As of February 15, the following 26 states defaulted to a federal Exchange: Alabama, Alaska, Arizona, Florida, Georgia, Indiana, Kansas, Louisiana, Maine, Mississippi, Missouri, Montana, Nebraska, New Jersey, North Carolina, North Dakota, Ohio, Oklahoma, Pennsylvania, South Carolina, South Dakota, Tennessee, Texas, Virginia, Wisconsin and Wyoming. As a result, the final tally implies the federal government will be tasked with implementing and maintaining Exchanges in at least half of the states.
Seven states are currently planning to implement a partnership Exchange, where the federal government will assist the states with certain portions of their Exchanges. Those states are Arkansas, Delaware, Illinois, Iowa, Michigan, New Hampshire and West Virginia.
Seventeen states and the District of Columbia are establishing state-based Exchanges. These states are California, Colorado, Connecticut, Hawaii, Idaho, Kentucky, Maryland, Massachusetts, Minnesota, Nevada, New Mexico, New York, Oregon, Rhode Island, Utah, Vermont, Washington and the District of Columbia.

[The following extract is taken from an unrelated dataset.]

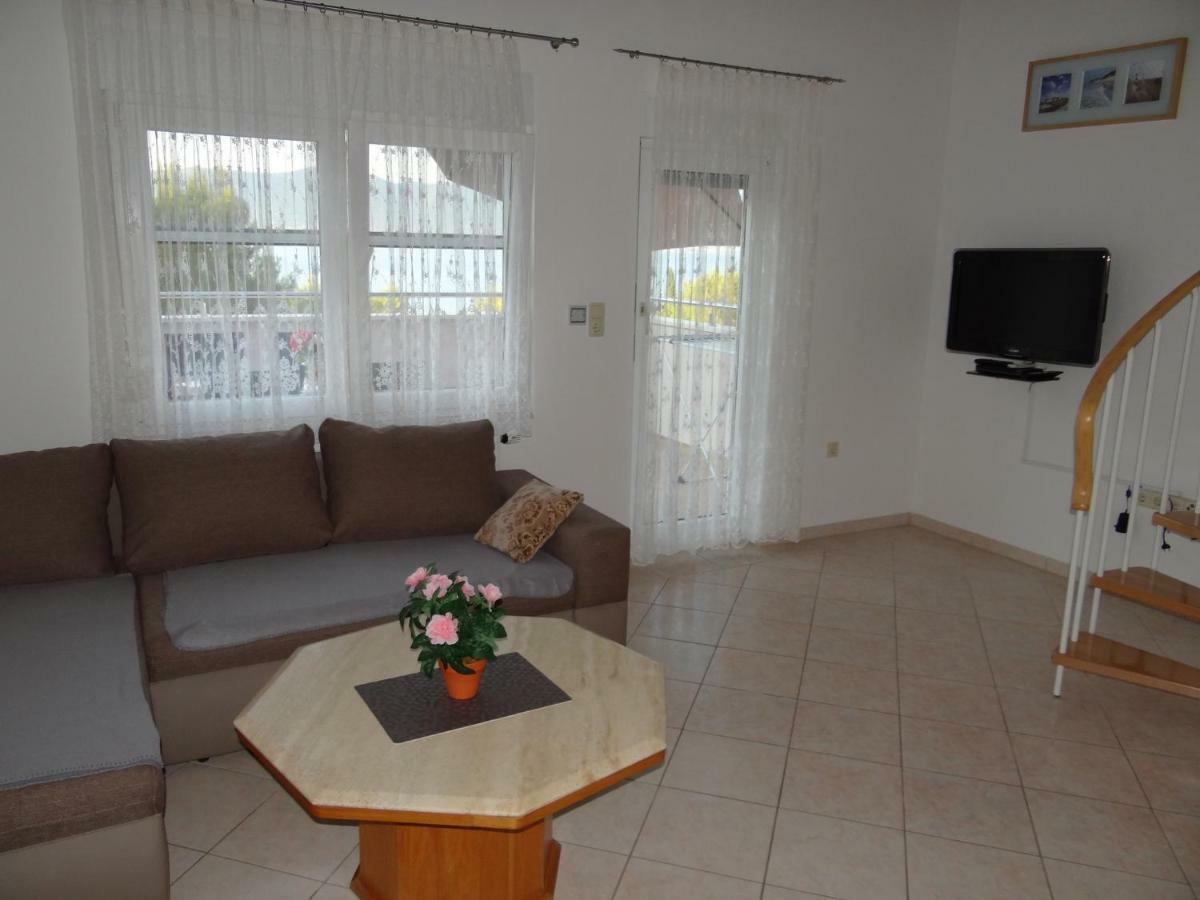 Vila Emilija Trogir Eksteriør billede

The final count indicates that the federal government will be at least partially involved in 33 Exchanges, while 17 states and D.C. will maintain their own Exchange marketplace.
The divide largely mirrors the political divide in Washington – states with Democrats in power largely chose to establish Exchanges and states with Republican leadership mostly defaulted to federal Exchanges Lucy Nashed, spokeswoman for Governor Rick Perry, explains the state’s decision to default to a federal Exchange as “Texas is not interested in being a subcontractor to Obamacare.” Other states have taken a less political approach. According to Christine Ferguson, director of the Rhode Island Health Benefits Exchange, “Many of the states have just run out of time for a variety of reasons. I’d be surprised if in the longer run every state didn’t want to have its own approach.”
While Friday appeared to be a hard deadline, HHS Secretary Kathleen Sebelius has indicated a willingness to continually work with states as they implement various provisions of PPACA. Exchanges are the centerpiece of PPACA, and are a necessary corollary of the law’s individual mandate requirement that will take effect January 1, 2014.
Regardless of whether a state or the federal government takes control of an Exchange, leadership must move quickly to meet the October 1 deadline in order to begin the open-enrollment process for qualified health plan (QHP) coverage effective January 1, 2014. We will keep you posted on the progress made on Exchanges.